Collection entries
=== Begin Enclosure ===

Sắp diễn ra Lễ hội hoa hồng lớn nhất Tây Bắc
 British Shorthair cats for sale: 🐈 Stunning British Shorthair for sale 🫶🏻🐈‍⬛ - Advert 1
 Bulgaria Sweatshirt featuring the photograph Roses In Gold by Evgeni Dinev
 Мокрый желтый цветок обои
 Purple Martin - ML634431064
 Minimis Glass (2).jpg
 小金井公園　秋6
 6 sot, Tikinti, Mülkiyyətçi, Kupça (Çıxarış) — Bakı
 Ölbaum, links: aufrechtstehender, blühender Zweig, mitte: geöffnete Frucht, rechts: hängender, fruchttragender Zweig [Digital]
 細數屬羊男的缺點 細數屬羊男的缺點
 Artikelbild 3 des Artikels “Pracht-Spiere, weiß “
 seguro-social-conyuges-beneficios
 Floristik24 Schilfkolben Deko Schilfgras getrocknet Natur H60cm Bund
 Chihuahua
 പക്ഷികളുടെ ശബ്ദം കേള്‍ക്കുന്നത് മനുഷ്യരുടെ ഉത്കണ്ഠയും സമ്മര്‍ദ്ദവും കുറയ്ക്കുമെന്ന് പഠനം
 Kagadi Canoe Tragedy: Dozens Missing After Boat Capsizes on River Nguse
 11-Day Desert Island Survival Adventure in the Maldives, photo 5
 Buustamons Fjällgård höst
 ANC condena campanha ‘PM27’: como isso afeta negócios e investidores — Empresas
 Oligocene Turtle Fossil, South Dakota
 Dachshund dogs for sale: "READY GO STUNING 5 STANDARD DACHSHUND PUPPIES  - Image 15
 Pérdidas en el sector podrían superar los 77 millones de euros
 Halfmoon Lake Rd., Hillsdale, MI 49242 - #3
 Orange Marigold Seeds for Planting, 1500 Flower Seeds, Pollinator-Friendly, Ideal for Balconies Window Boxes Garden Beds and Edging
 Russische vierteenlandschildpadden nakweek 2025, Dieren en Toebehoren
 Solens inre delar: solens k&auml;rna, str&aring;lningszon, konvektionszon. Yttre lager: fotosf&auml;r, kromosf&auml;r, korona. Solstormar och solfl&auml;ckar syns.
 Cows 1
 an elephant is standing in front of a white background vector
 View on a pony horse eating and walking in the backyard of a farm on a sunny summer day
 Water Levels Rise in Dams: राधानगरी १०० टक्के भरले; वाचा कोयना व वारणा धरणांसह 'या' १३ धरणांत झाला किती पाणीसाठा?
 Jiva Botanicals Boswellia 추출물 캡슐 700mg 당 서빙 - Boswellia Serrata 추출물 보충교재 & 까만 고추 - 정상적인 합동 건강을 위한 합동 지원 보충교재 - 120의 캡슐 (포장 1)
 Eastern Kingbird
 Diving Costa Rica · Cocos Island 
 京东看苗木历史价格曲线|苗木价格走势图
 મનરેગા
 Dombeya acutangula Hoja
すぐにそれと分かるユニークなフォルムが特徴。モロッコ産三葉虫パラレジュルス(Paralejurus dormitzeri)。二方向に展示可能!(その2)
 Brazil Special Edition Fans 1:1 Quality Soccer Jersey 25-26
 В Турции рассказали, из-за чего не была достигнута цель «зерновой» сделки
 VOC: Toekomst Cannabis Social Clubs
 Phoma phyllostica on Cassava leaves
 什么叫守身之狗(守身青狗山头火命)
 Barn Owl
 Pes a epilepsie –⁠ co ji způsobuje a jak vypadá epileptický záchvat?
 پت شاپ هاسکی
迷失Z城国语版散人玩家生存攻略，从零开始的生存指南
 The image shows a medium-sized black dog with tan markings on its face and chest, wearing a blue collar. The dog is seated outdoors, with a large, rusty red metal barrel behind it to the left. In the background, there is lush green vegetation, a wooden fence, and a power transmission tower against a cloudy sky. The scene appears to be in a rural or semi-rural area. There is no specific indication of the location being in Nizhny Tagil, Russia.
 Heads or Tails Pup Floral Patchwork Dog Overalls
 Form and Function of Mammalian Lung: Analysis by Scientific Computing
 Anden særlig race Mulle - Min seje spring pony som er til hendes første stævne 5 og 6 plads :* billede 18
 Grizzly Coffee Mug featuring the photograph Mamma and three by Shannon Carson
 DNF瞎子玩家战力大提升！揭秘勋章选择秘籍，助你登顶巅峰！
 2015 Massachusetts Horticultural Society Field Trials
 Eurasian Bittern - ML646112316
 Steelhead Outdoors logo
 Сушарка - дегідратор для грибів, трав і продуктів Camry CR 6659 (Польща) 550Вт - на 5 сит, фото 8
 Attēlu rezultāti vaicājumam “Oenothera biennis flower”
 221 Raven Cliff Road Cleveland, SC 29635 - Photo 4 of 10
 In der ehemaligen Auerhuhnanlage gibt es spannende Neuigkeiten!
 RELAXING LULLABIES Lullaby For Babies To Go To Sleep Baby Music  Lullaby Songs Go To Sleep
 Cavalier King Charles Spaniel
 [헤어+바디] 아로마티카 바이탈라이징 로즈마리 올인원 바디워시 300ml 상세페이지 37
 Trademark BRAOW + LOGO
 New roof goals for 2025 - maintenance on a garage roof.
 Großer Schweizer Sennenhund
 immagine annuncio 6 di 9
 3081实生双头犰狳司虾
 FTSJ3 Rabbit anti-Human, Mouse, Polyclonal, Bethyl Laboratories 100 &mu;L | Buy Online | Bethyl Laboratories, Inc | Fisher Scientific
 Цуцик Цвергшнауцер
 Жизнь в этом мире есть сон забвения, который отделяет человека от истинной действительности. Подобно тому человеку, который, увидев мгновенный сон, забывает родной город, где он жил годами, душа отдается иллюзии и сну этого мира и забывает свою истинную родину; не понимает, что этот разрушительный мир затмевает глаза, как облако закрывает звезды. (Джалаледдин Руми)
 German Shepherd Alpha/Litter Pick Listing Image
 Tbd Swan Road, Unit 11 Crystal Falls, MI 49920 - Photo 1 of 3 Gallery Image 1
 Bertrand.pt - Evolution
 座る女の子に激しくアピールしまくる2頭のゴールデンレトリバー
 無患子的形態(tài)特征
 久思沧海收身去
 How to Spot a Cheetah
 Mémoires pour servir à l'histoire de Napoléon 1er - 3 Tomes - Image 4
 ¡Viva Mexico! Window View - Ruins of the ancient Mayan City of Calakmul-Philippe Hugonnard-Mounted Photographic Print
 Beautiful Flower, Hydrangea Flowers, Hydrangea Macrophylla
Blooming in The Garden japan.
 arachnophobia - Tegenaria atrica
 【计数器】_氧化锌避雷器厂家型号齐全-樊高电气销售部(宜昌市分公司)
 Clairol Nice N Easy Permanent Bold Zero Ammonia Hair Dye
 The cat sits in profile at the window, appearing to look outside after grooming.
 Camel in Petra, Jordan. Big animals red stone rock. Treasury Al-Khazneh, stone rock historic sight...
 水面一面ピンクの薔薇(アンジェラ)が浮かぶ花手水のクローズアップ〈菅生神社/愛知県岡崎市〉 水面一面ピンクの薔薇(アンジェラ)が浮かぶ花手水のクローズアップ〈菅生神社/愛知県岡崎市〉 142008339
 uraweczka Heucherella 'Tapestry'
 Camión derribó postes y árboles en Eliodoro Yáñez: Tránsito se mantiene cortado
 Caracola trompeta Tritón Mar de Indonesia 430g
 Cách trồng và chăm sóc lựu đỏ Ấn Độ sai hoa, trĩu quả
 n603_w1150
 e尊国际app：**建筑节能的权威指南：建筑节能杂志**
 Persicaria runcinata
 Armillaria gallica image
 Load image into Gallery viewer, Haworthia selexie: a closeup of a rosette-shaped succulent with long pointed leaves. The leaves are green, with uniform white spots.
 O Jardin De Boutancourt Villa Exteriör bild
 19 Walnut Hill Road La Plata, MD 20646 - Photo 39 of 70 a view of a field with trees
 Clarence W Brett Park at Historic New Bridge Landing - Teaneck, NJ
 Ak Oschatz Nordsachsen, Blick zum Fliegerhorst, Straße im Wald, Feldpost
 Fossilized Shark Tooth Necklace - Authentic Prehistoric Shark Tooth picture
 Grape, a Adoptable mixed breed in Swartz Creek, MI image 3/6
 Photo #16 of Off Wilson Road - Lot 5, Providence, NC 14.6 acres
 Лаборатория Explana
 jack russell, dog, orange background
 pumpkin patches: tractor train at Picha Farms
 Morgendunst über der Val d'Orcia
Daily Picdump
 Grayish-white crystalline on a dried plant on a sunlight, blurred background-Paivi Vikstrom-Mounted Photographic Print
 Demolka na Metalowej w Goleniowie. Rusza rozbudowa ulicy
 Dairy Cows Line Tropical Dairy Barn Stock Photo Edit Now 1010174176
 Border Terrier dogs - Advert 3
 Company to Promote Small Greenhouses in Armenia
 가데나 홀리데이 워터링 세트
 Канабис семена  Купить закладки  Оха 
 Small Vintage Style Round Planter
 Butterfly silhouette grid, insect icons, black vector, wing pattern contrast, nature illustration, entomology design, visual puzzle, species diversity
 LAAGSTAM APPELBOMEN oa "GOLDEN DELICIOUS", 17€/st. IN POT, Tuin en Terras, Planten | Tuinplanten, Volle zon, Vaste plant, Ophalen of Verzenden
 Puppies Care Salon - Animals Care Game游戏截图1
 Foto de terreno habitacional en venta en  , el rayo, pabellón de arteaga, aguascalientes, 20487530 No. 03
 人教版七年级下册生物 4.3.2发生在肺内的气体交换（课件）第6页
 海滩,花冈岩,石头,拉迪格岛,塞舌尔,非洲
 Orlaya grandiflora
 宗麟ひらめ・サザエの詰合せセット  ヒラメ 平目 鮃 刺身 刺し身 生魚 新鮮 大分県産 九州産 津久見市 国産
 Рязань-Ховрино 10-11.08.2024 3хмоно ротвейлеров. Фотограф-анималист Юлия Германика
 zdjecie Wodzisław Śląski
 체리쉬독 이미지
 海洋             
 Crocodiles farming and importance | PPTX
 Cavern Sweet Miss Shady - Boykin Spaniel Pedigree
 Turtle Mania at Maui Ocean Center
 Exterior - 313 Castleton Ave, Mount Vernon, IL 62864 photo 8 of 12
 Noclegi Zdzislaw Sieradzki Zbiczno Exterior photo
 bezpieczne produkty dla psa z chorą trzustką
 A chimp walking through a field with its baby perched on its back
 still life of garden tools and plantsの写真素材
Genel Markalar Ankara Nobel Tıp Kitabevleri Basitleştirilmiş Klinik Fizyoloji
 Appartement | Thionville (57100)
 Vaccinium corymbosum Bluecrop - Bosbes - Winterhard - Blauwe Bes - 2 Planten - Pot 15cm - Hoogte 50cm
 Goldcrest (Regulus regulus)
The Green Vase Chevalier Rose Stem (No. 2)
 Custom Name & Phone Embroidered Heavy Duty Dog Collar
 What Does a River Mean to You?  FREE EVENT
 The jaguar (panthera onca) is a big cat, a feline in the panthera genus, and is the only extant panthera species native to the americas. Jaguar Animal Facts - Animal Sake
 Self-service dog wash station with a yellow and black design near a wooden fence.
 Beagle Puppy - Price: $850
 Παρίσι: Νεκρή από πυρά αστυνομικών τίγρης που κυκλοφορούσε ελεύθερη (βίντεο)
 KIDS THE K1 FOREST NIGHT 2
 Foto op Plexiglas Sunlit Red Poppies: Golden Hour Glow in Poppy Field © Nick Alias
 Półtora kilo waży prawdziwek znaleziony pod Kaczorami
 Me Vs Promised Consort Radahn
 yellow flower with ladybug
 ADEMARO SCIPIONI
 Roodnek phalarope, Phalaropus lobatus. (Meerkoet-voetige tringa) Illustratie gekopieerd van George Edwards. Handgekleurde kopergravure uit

=== End Enclosure ===

Using the data above, repeat exactly the lines that begin at the line with "Pérdidas en el" and end at the line with "Heads or Tails", both ends included.

 Pérdidas en el sector podrían superar los 77 millones de euros
 Halfmoon Lake Rd., Hillsdale, MI 49242 - #3
 Orange Marigold Seeds for Planting, 1500 Flower Seeds, Pollinator-Friendly, Ideal for Balconies Window Boxes Garden Beds and Edging
 Russische vierteenlandschildpadden nakweek 2025, Dieren en Toebehoren
 Solens inre delar: solens k&auml;rna, str&aring;lningszon, konvektionszon. Yttre lager: fotosf&auml;r, kromosf&auml;r, korona. Solstormar och solfl&auml;ckar syns.
 Cows 1
 an elephant is standing in front of a white background vector
 View on a pony horse eating and walking in the backyard of a farm on a sunny summer day
 Water Levels Rise in Dams: राधानगरी १०० टक्के भरले; वाचा कोयना व वारणा धरणांसह 'या' १३ धरणांत झाला किती पाणीसाठा?
 Jiva Botanicals Boswellia 추출물 캡슐 700mg 당 서빙 - Boswellia Serrata 추출물 보충교재 & 까만 고추 - 정상적인 합동 건강을 위한 합동 지원 보충교재 - 120의 캡슐 (포장 1)
 Eastern Kingbird
 Diving Costa Rica · Cocos Island 
 京东看苗木历史价格曲线|苗木价格走势图
 મનરેગા
 Dombeya acutangula Hoja
すぐにそれと分かるユニークなフォルムが特徴。モロッコ産三葉虫パラレジュルス(Paralejurus dormitzeri)。二方向に展示可能!(その2)
 Brazil Special Edition Fans 1:1 Quality Soccer Jersey 25-26
 В Турции рассказали, из-за чего не была достигнута цель «зерновой» сделки
 VOC: Toekomst Cannabis Social Clubs
 Phoma phyllostica on Cassava leaves
 什么叫守身之狗(守身青狗山头火命)
 Barn Owl
 Pes a epilepsie –⁠ co ji způsobuje a jak vypadá epileptický záchvat?
 پت شاپ هاسکی
迷失Z城国语版散人玩家生存攻略，从零开始的生存指南
 The image shows a medium-sized black dog with tan markings on its face and chest, wearing a blue collar. The dog is seated outdoors, with a large, rusty red metal barrel behind it to the left. In the background, there is lush green vegetation, a wooden fence, and a power transmission tower against a cloudy sky. The scene appears to be in a rural or semi-rural area. There is no specific indication of the location being in Nizhny Tagil, Russia.
 Heads or Tails Pup Floral Patchwork Dog Overalls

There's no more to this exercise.